La mayoría de estas muchachas nacieron en los municipios Boyeros o San Miguel del Padrón, en los márgenes de La Habana, donde hay fincas con animales de corral y, sobre todo, espacio para cabalgar. “Ella vive en un edificio –señalan a Dianela–, el caballo está en el cuarto piso”. Y se desata una carcajada colectiva.
Aquí, en la Feria Agropecuaria de Ranchos Boyeros, salen al ruedo de primeras. Al terminar su parte, suben a las gradas para no perderse el coleo, el derribo de reses y las demás pruebas de habilidades. Animan a los contendientes, les chiflan, se burlan de ellos cuando fallan. “Espera un momentico a que pase el ternero este”, se excusa Rachel antes de la entrevista.
Luego no está, y vuelve a aparecer en los potreros, con un cubo y unos lazos que alguien le pidió. Ya cumplió 16 y ahora cursa el Técnico Medio en Gastronomía. “Todo el mundo tiene su oficio, porque esto no es una escuela, ni te pagan un dinero, ni te dan un título”, explica. “Cuando sea grande” le gustaría estudiar medicina veterinaria. Y seguir de amazona, por supuesto.

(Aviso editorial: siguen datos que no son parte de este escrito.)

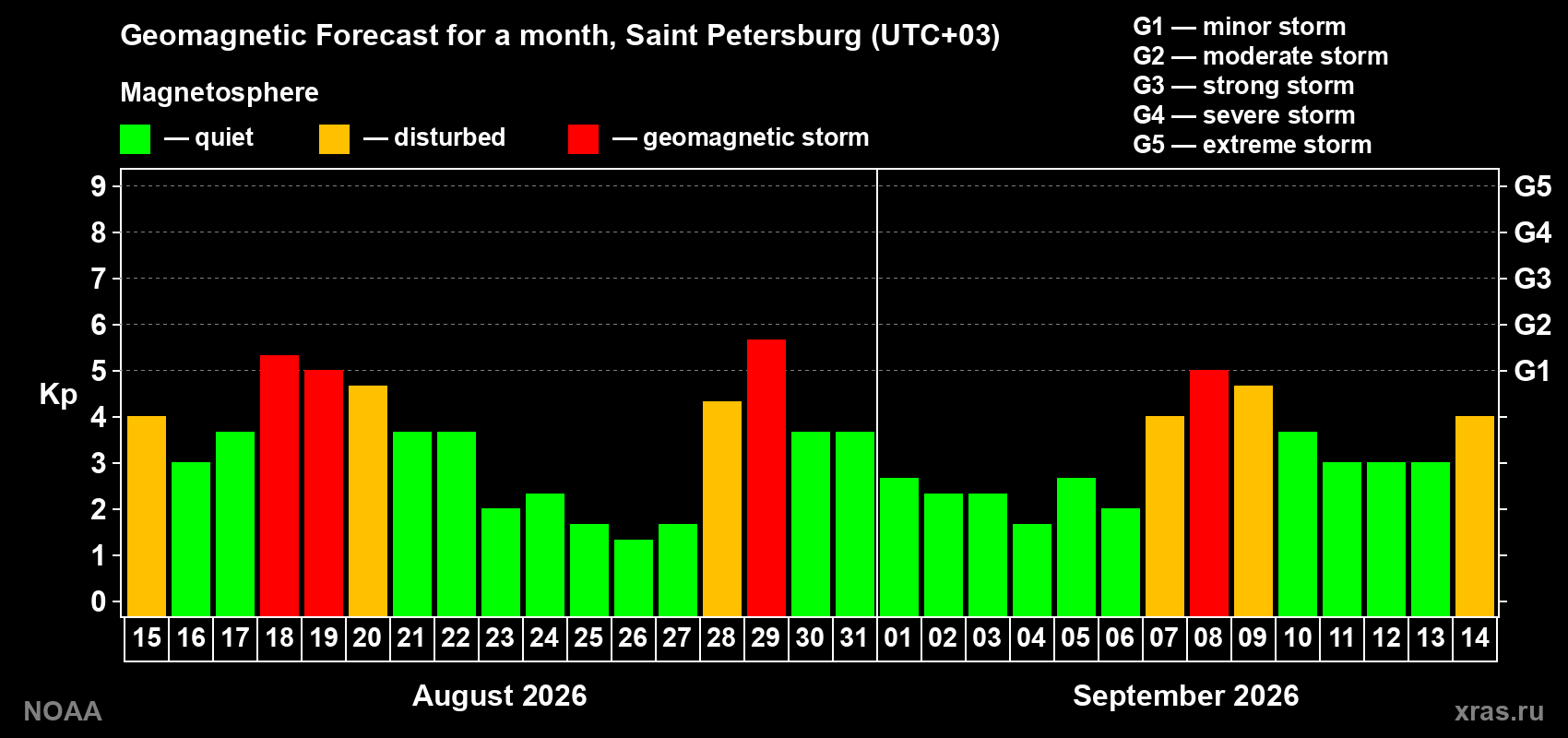 Geomagnetic index Kp forecast for the next month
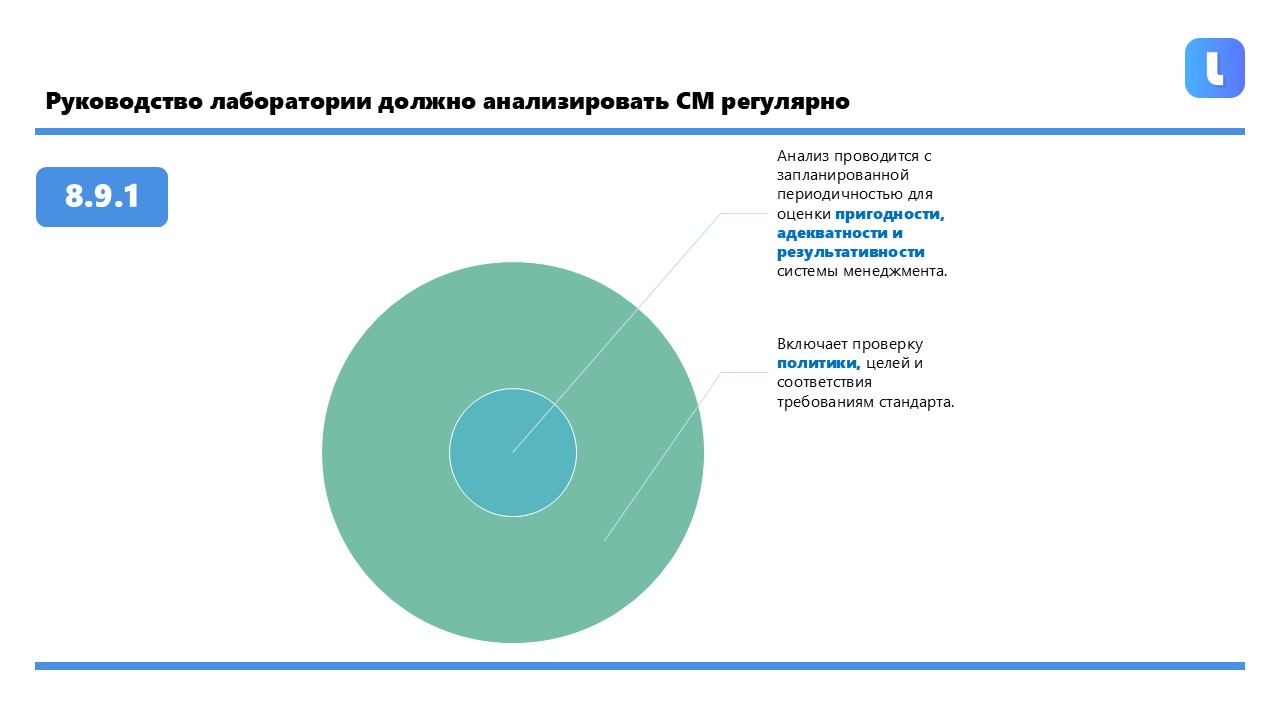 Руководство лаборатории анализирует систему менеджмента с запланированной периодичностью для обеспечения пригодности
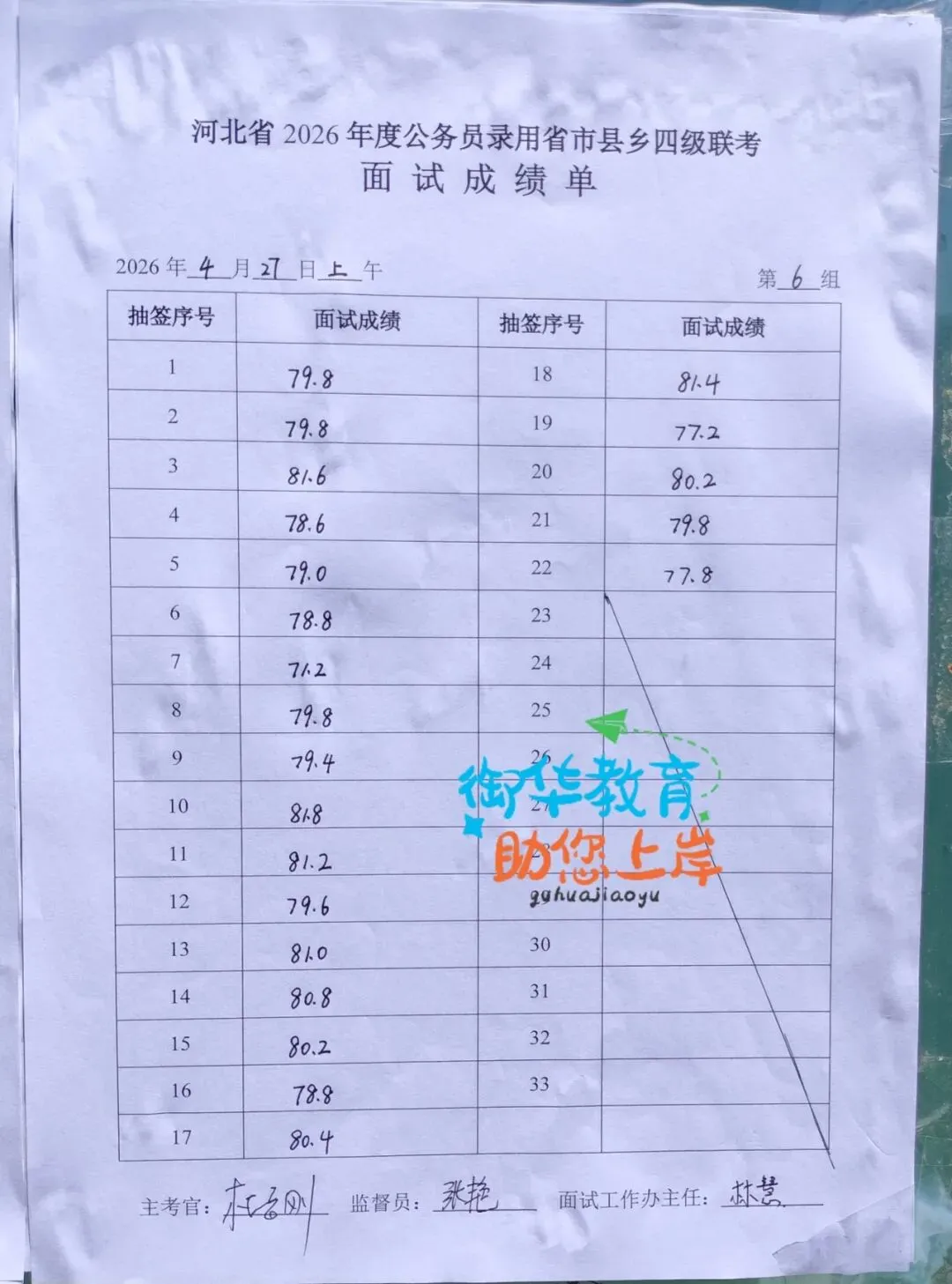 26年河北省考面试真题附衡水面试成绩(4.27) 第10张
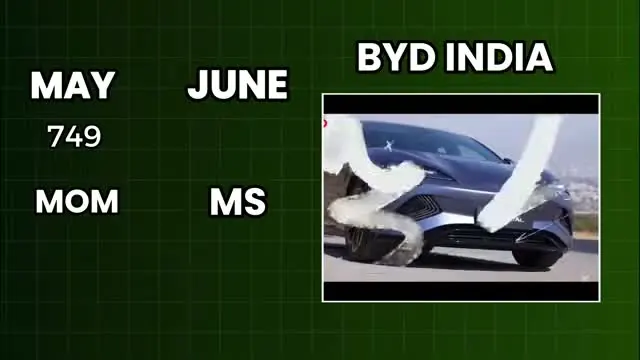 Top 10 Electric Cars in India⚡️Ev Car Sales June 2026 | Abhishek Moto still frame from the video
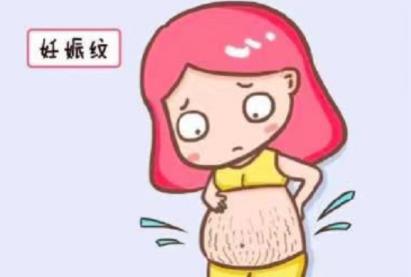 對抗妊娠紋,預防措施要趁早!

Como casi todas, ella no tiene su propio caballo. “Corro con uno prestado, depende del que me toque. Por ejemplo, Dailín se sienta confiada en la cabalgadura, porque es suyo. De lo contrario, nunca sabes cómo responde un caballo de otro, no lo conoces”. Pues sí, Dailín ganó la competencia hoy.
Caterine
Está en sexto grado, saca buenas notas y estudia bastante. Al menos eso afirma su papá, Leandro, que apenas logra disimular su pasión por ella, por complacerla en lo que más le gusta. Caterine tiene una hermana de 9 años, a la que no le simpatizan los animales. “Qué va, esa sí es figurina”, confirma el padre.
Su mamá tampoco está muy conforme, porque la niña se puede caer, lastimarse. De hecho, hace pocos días el potro nuevo, el que todavía están domando, se paró en dos patas y le rompió el labio, al golpearla con la cabeza. “¡¿Qué me voy a bajar?! –Leandro relata la escena–, no, no, él tiene que adaptarse a mí”, cuenta que decía la niña. “Es guapa”, certifica el padre.
Él, como buen compinche, se mudó de la casa anterior a la finca, compró el tráiler y los caballos. Se levanta temprano para cortar hierba y atenderlos, acompaña a su hija a las competencias por todo el país. Resultado: el año pasado ella clasificó por primera vez en el equipo provincial, y quedó en el número uno entre las barrileras de La Habana.
Caterine arranca como alma que lleva el diablo, da la vuelta al primer barril, parece que se cae, pero no se cae. La trenza por el aire, el cuerpo en tensión, le gritan: “¡Venga, venga, ahora!”; hinca los flancos del animal, los cascos levantan una estela de polvo, dobla el tercer tanque, el sombrero sale volando, corre, corre, más rápido… ¡Tiempo!
La pista está hecha de arena y sol. El aire húmedo trae olor a cosa viva. Una mexicanada empalagosa fluye por los altavoces. De pronto, silencio, pausa. La fanfarria anuncia que el espectáculo va a comenzar, y el público aplaude enloquecido.